همانطور که بدرستی فرموده اند به لحاظ تئوری محدودیت جدی برای کار موازی واحدهای مختلف با ظرفیتهای متفاوت وجود ندارد ، با این حال آنجا که قابلیت اطمینان و در دسترس بودن اهمیت می یابد برخی نکات طراحی به شرح زیر( مرجع یکی از مقالات شرکت سازنده کومینز- سازنده دیزل ژنراتور) می باید مد نظر واقع شود.
If generator sets are of dissimilar sizes, there can be impacts on the system design. An emergency system with generator sets that have matching kW ratings can support a higher first priority load than a system that has generator sets with dissimilar kW ratings. For example, an emergency system with two 500 kW generator sets will handle a first priority load as large as 500 kW. A system with one 750 kW generator set and one 250 kW generator set, while having the same total power rating, should be limited to a 250 kW first priority load, because if the first generator set closing to the bus is the 250 kW machine, any load greater than 250 kW could cause it to be overloaded. When faced with the use of dissimilar-sized generator sets, some designers will insert bus isolation ties between generator sets in order to prevent overloading on startup. This, however, sets up another series of issues because of the added complexity in the sequence of operation and usually the need for more synchronizers in the system. Manual operation and failure mode effects are also more difficult to deal with as tiebreakers are inserted into a system.
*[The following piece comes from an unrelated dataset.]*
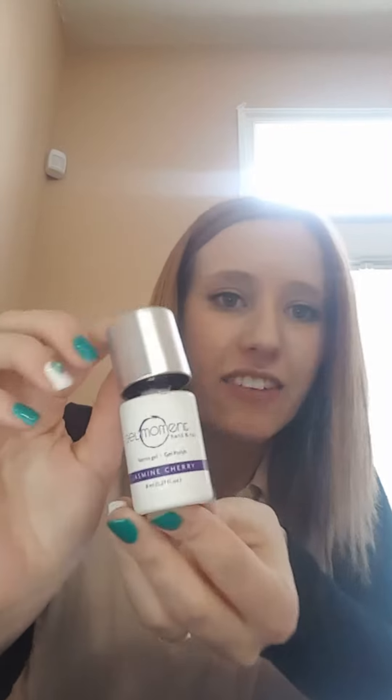You don't need any special knowledge. All you need to know is how to paint your nails, and I'm sure every woman knows how to do that. I already have a set of nails on, but I'm going to show you how you cure your nails in 45 seconds and paint them in about a minute. Here I have Jasmine Cherry — it's a beautiful deep purple.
Changes in sequence of operation may be necessary due to use of dissimiliar-sized machines. It is not advisable to design a system sequence of operation contingent on synchronizing generator sets within
10 seconds. Many manufacturers cannot provide equipment that is certain to be paralleled in 10 seconds, so in situations where local codes require service to emergency loads within 10 or 15 seconds, the system designer must choose between preventing smaller machines from closing to the bus first (minimizing the advantage of redundancy offered by many systems), or making sure that first priority loads can always be served by the smallest machine in the system. From a load shed perspective, the problem is less difficult, but still needs a bit of thought. If there is an under-frequency condition on the bus, the system will need to drop load. With dissimilar-sized machines, it is desirable to drop load in large enough steps to relieve the 250 kW set in the event that the 500 kW unit becomes the unit that is not available. Cascading type load shedding systems continue to drop load until the system recovers, so they automatically deal with the problem via that mechanism. A system design that “knows” the kW capacity of the generator sets available on line can automatically compensate for the difference in sizes by using different sequencing when different combinations of equipment are available.
How much difference in size is “practical”? That is a matter of considerable discussion in the industry. We know that it’s technically possible to parallel anything with anything, but where it’s practical is less clear. In general, you probably will have a manageable system when the smallest generator set is no less than 30% of the capacity of the largest generator set in the system. If there is a larger disparity in equipment sizes, it mightbe easier to make the larger machine bigger, and forget about paralleling altogether. It’s useful to note that there are often large kW size differences in prime power applications, such as are used in remote, isolated cities and towns. In those applications, loads during the daylight hours are often much higher than in the evenings. A pair of 350 kW generator sets may be running during the day, and only a 50 kW set running at night. This is less of an issue in prime power applications because the load profile does not quickly change, and the systems generally have no automatic load management systems.
As a technical matter, the smallest power circuit breaker that we can provide is an 800 amp frame. So it can be costly to parallel smaller generator sets. In those cases it’s possible to source 5-cycle operating molded case breakers for use in paralleling the generator.
These breakers are smaller, available in fixed frame configurations so less space is needed for the equipment, and less expensive, but they are available only from a limited number of suppliers. In some cases motor starting contactors might be used for paralleling applications where smaller generator sets are used, but the contactors must generally be protected by current limiting fuses for a safe design.
در شرایط غیر مشابه بودن ژنراتورها ملاحظات مهمتری نسبت به ریتینگ آنها به شرح زیر موجود است که باید مد نظر قرار داده شوند.
When paralleling dissimilar generator sets, a designer should:
- Verify that the existing generator set can carry full load with good voltage and frequency regulation.
- Review the transient performance of all the generator sets in the system and verify that the load steps (particularly load rejection) of all the gensets will not result in objectionable levels of reverse power.
- Verify that the pitch of all alternators is the same. Specify 2/3 pitch on all generator sets to avoid problems with this. Take mitigating steps if dissimilar alternators cannot be avoided.
- For emergency/standby applications, load sharing controls (both kW and kVAR) should all be of the same manufacturer and model. Droop control may be suitable for some prime power applications and isolated bus kVAR load sharing.
- Attention should be given to the specific control interfaces to system master controls and facility management systems monitoring the generator bus. In general, these can be made to work in nearly every case, but it cannot be assumed that they will work without checking and verifying that the proper equipment is in place.